Il en eut, et plus d’une. A Milan, pendant l’été de 1912, Boito nous joua quelques fragments de ce Nerone, attendu si longtemps, si jalousement caché, qu’il en devenait légendaire. L’œuvre était alors à peu près, à très peu près achevée. Œuvre insigne, si tout s’y rapporte à ce que nous en avons entendu, si le musicien, mûri par un demi-siècle de méditation et d’expérience, égala cette fois son art à son esprit, l’un des plus étendus, à son âme, l’une des plus nobles qu’il nous fut jamais donné d’admirer et de chérir.

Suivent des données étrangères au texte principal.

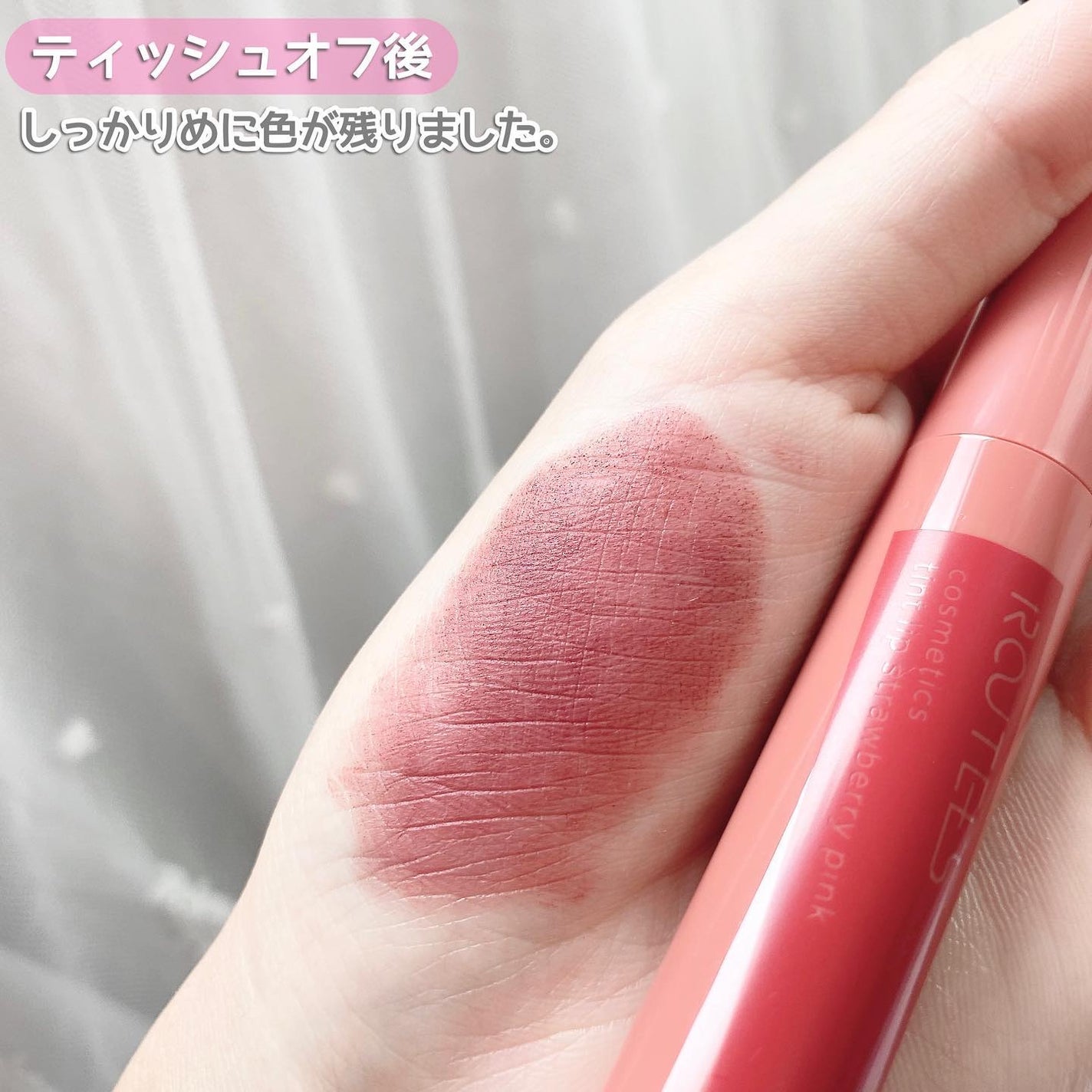 ティントリップグロス/ROUTEES/リップグロスを使ったクチコミ(3枚目)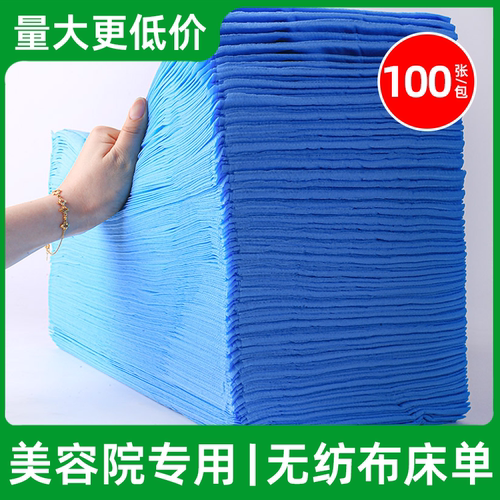 一次性透气床单美容院蓝色加厚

L’interprétation générale de Méphistophélès au Théâtre-Lyrique fut loin d’être mauvaise. M. Vanni Marcoux est un artiste supérieur. Avec la même puissance il chante, il joue le personnage de Méphistophélès, et j’ajouterais, si le mot n’était affreux, il l’« incarne, « le rôle, depuis Chaliapine, comportant une part, exagérée peut-être, sinon d’athlétisme, au moins d’effet plastique. Il est juste de féliciter en M. Polacco, d’abord le chef d’orchestre italien, puis le mari d’une cantatrice américaine, Mme Mason, « Marguerite), dont la voix est admirable de force et de pureté. Les chœurs ont droit à des compliments et le ténor (Faust) au silence.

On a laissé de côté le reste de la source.